Jerry’s Sugared Pecans

I think making someone else’s recipes is a wonderful way to remember them when they’re no longer with us. Garth’s brother Jerry loved my cooking, and he was a good cook himself. He always made me feel he truly appreciated the meals I made for him, and I loved him for it. He had a wonderful smile and a great spirit. Jerry brought these pecans out to the house one day, and I only stopped eating them when they were gone! The butter and sugar make them crunchy, sweet, and rich.

Green Punch

Serve this punch with Cheese Straws (page 20). It’s a Yearwood family tradition—perfect to serve at Christmas parties, because it’s a beautiful bright green and makes a pretty punch bowl.

Boiled Peanuts

If you’ve ever driven through a small town in Georgia, you no doubt have seen signs for boiled peanuts along the roadside. I’ve found that they’re a love-hate thing; people are rarely undecided about boiled peanuts! I include the recipe here because I absolutely love them. When I make them at home in Oklahoma, it takes me back to our family vacation trips to Florida, when we’d stop on the roadside and eat the warm peanuts in the car. Yum!

Pimiento Cheese Spread

A pimiento cheese sandwich made on very fresh white bread is a true southern staple. Nothing goes better with Gwen’s Fried Chicken (page 93). Mama slices the crusts off the sandwiches and cuts them in half for family reunions—very southern belle!

Kim’s Black-Eyed Pea Dip

I’m sort of a snob when it comes to trying new recipes. I just seem to like my old tried and true ones best, and it takes a lot for something new to grab my attention. I had to have the recipe for this dip after I tried it on Super Bowl Sunday 2006. Garth is a die-hard Steelers fan, so it was an exciting day. Everybody always brings something for the party, and this was my friend Kim’s contribution. Being a good southern girl, I love anything with black-eyed peas in it, but for you folks who are right now turning up your noses at the idea of eating black-eyed peas, all I can say is just try it. In fact, maybe I should name it something else for those skeptics. How about Pea Dippy?

Sausage Hors d’Oeuvres

I’ve laughed a lot while writing this cookbook—and gotten very hungry! I laugh because most people consider these tasty meatballs the perfect small bite for a party or wedding reception, but I sometimes make them just to satisfy a craving! They are usually served cold, but when I make them at home, I serve them warm, right out of the oven, and they are awesome! So to answer the burning question, can you make an entire meal out of sausage ball appetizers? Yes!

Cheese Straws

I love cheese! I would eat a piece of Cheddar cheese over a piece of chocolate cake any day. That probably makes me a little weird, but if you love cheese like I do, you’ll love these cheese straws. My mom used to make them for baby showers and wedding receptions. In 1991, the year my career started to really take off, she made them for me to give as Christmas gifts to everyone who had been so supportive. We laughed about how these cheesy treats were baked in a small kitchen in Monticello, Georgia, and ended up on the desks of some of the biggest movers and shakers in Nashville.
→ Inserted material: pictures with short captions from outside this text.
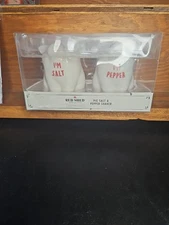 Red Shed Home & Gift Rustic Classic Pig Salt & Pepper Shakers NIB Ceramic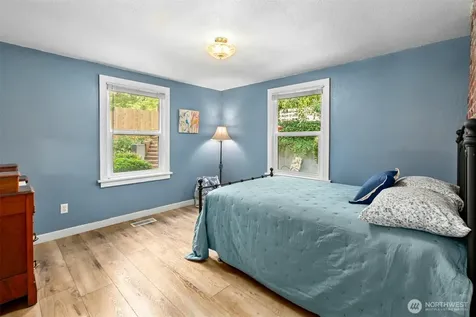 18901 61 Avenue NE Kenmore WA 98028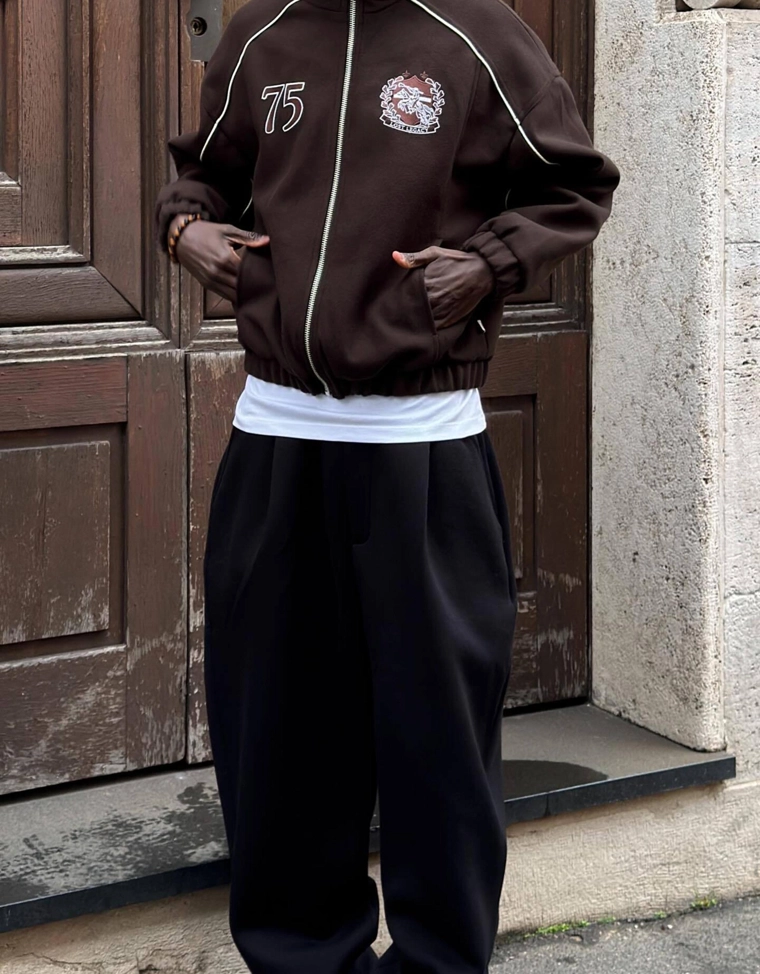 Куртка из фетра с нашивкой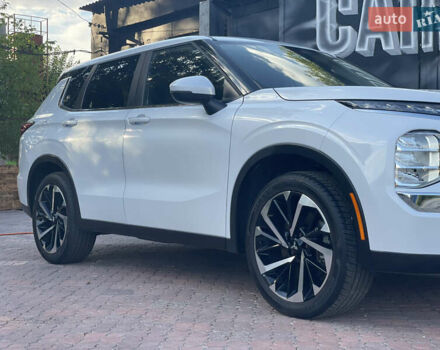 Белый Мицубиси Аутлендер, объемом двигателя 2.49 л и пробегом 62 тыс. км за 25000 $, фото 1 на Automoto.ua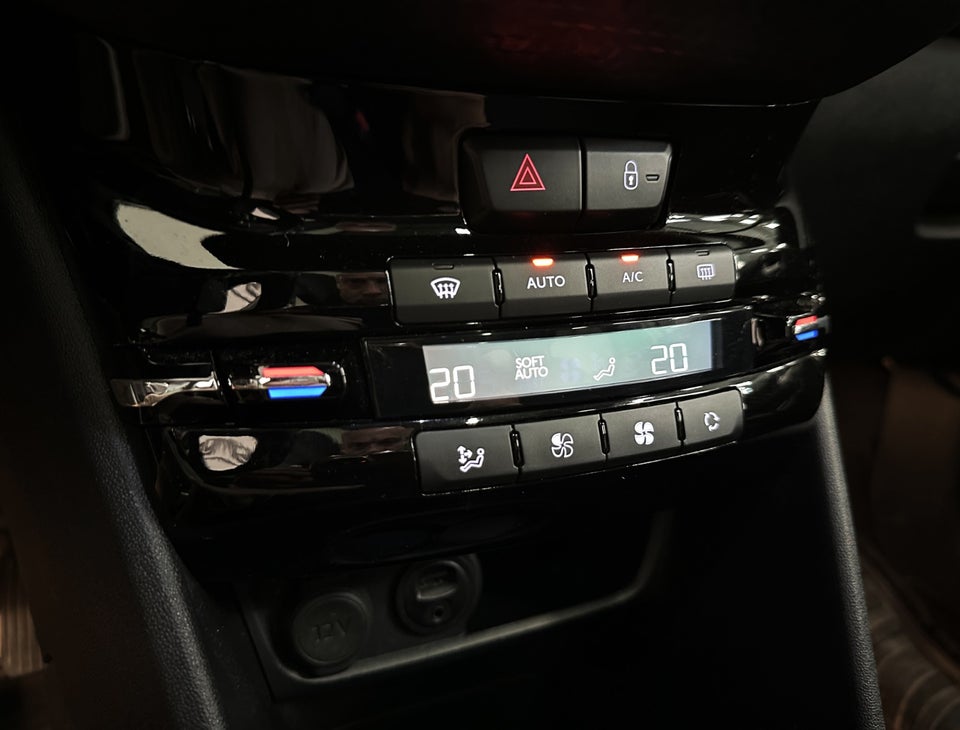 Peugeot 208 1,6 BlueHDi 100 Allure Sky 5d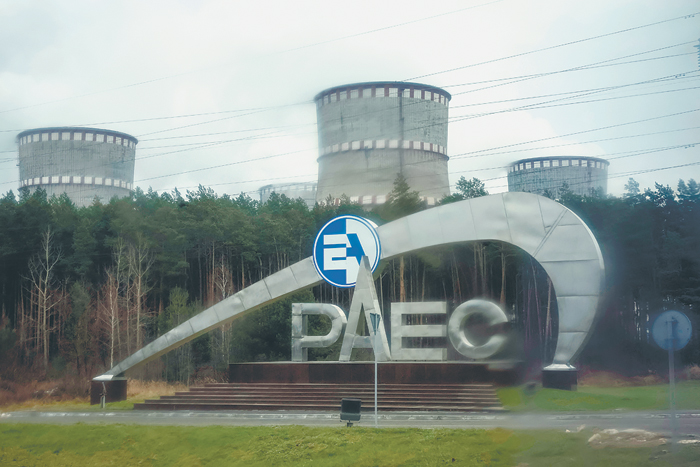 На Украине собираются "перетерпеть январь и февраль"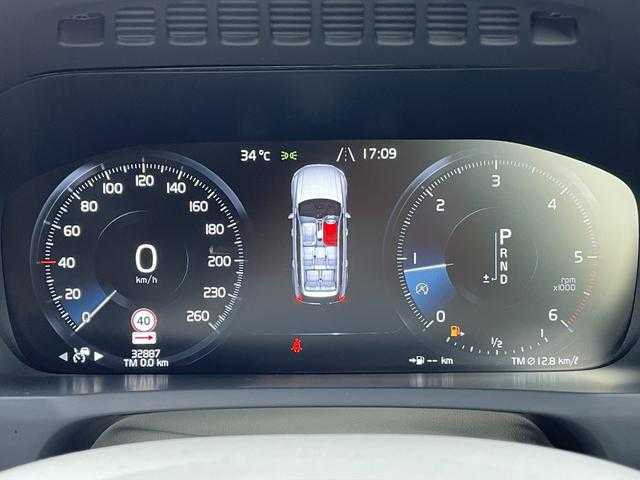 ボルボ ＸＣ９０ D5 AWD モーメンタム 埼玉県 2020(令2)年 3.3万km 白 白革シート　/クルーズコントロール　/ブラインドスポットモニター/シートヒーター/自動駐車　/電動リアゲート　/ＬＥＤヘッドライト　/フルセグ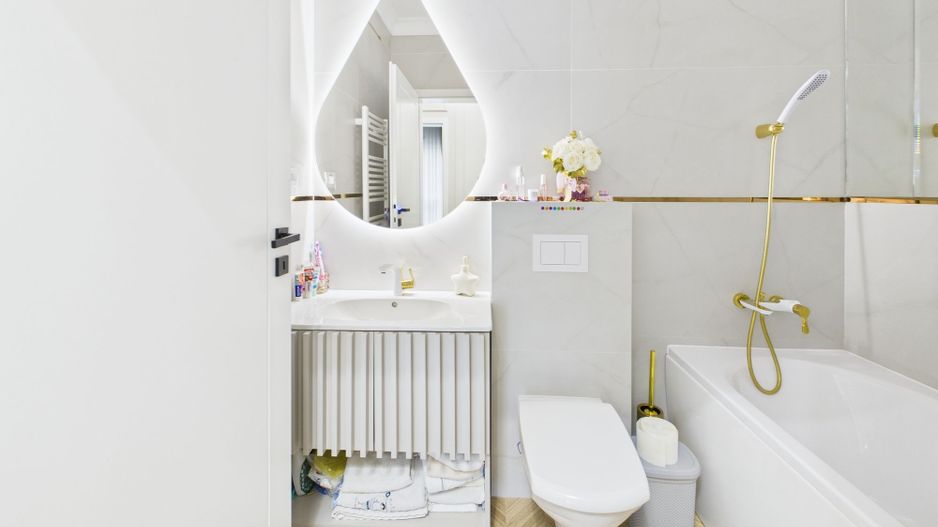 Casă modernă cu 5 camere, 4 băi și terasă închisă – Otopeni, central - Poză 23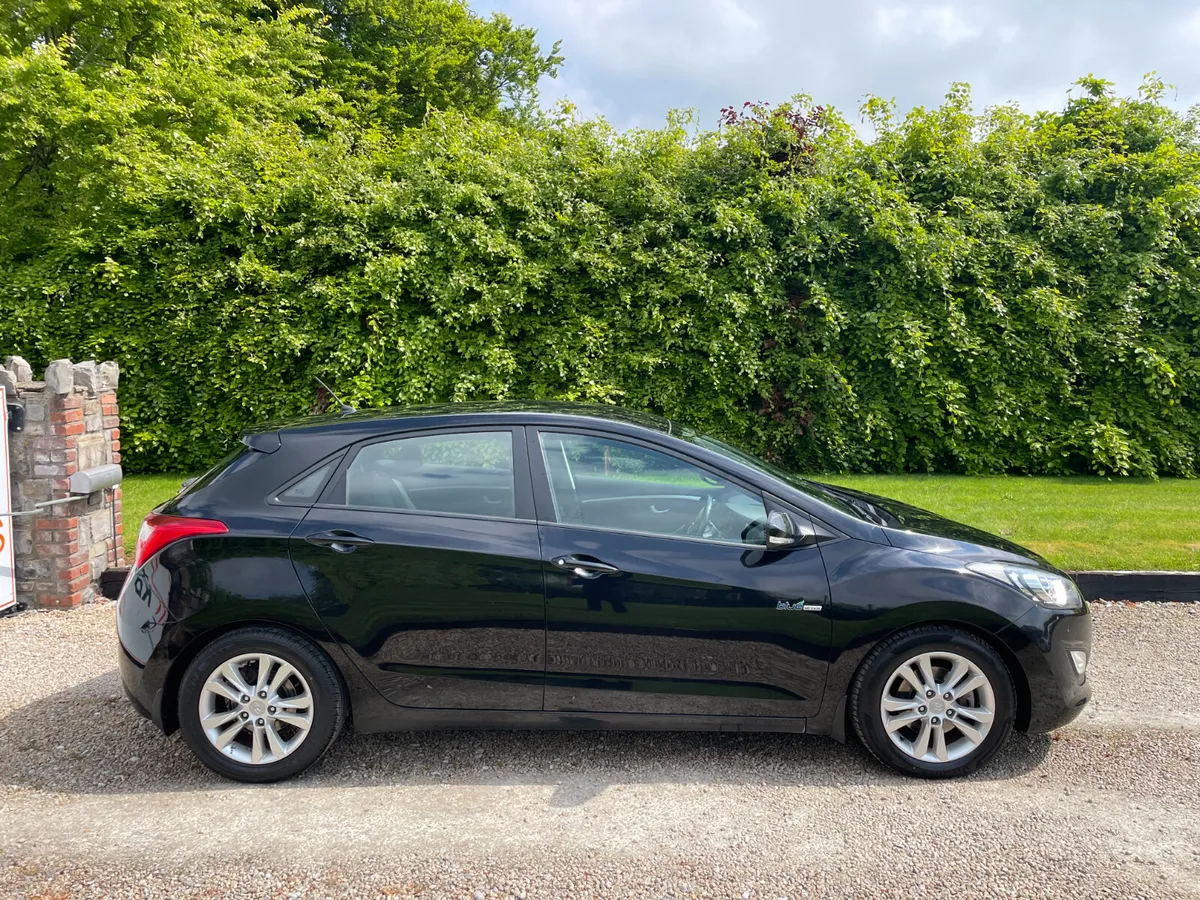 HYUNDAI I-30 1.6 DIESEL DELUXE MODEL - Image 4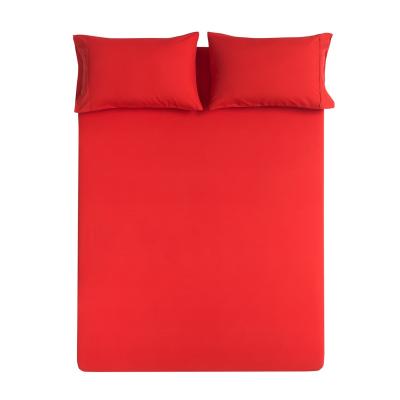 China Bright Red 3 Piece Bedding Set No Bleaching With 50x70cm Pillow Case for sale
Strawberries with Balsamic Vinegar and Black Pepper

It is hard to imagine how the flavor of fresh-picked Jewel strawberries could possibly be improved. But with traditional balsamic vinegar, the gorgeous, sweet-tart, syrupy vinegar made from local grapes in Modena, Italy, it is ridiculously easy to make the strawberry taste burst out in an incredible way. If you can, use Jewel strawberries.